Uitgaande van een gelijkblijvend brutoloon is de netto-inkomensdaling voor een werknemer met een inkomen van 50.000 gulden in 2013 zo’n 0,9 procent en in 2014 zo’n 0,5 procent. Tel daarbovenop het koopkrachtverlies als gevolg van inflatie en de werknemer ziet zijn koopkracht dalen met 3,9 procent. Bij een werknemer met een brutoloon van 100.000 gulden daalt het netto inkomen bij een gelijkblijvend brutoloon met 2,6 procent en daalt de koopkracht met 5,1 procent.

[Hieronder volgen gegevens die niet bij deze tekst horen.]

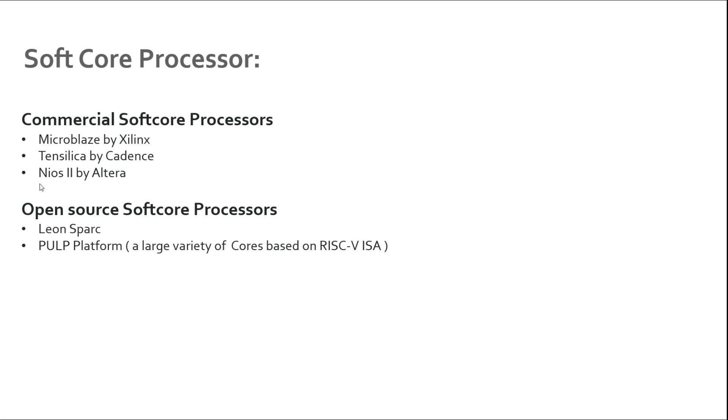Nios II by Altera - this is also a soft core which is provided by Altera FPGAs and this is also vendor specific, you can only implement it on Altera FPGAs.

Ten aanzien van de bvz is (verdere) reparatiewetgeving aangekondigd en afhankelijk van wat de definitieve tekst zal worden, kunnen de hierboven besproken gevolgen anders uitvallen. Zou op basis van reparatiewetgeving elke particulier verzekerde werknemer in de toekomst ook blijvend particulier verzekerd mogen blijven, dan is het probleem natuurlijk een stuk minder; dan heb je alleen nog de AOV-verhoging (algemene ouderdomsverzekering). Dus er hangt veel af van de reparatiewetgeving.

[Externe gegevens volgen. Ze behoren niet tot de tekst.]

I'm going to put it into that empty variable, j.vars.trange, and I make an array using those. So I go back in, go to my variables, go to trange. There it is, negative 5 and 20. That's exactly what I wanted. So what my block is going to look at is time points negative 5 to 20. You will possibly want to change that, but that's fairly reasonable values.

Feit is dat op dit moment bedrijven meer kwijt zijn aan personeelskosten, maar werknemers minder in hun portemonnee ontvangen. Het werkt twee kanten op. Aan de ene kant: door lagere loonkosten kan de (kwantitatieve) structurele werkloosheid afnemen. Als de daling van de loonkosten wordt doorberekend in de prijzen, verbetert de internationale concurrentiepositie. De export (dus de productie) stijgt, waardoor de werkgelegenheid kan toenemen. En aan de andere kant: door hogere nettolonen kan de conjuncturele werkloosheid afnemen. Als de nettolonen stijgen, zullen de consumptieve bestedingen toenemen. Bedrijven gaan meer produceren, waardoor de werkgelegenheid kan toenemen. Kortom de grotere wig is ongewenst en staat meer banen in de weg.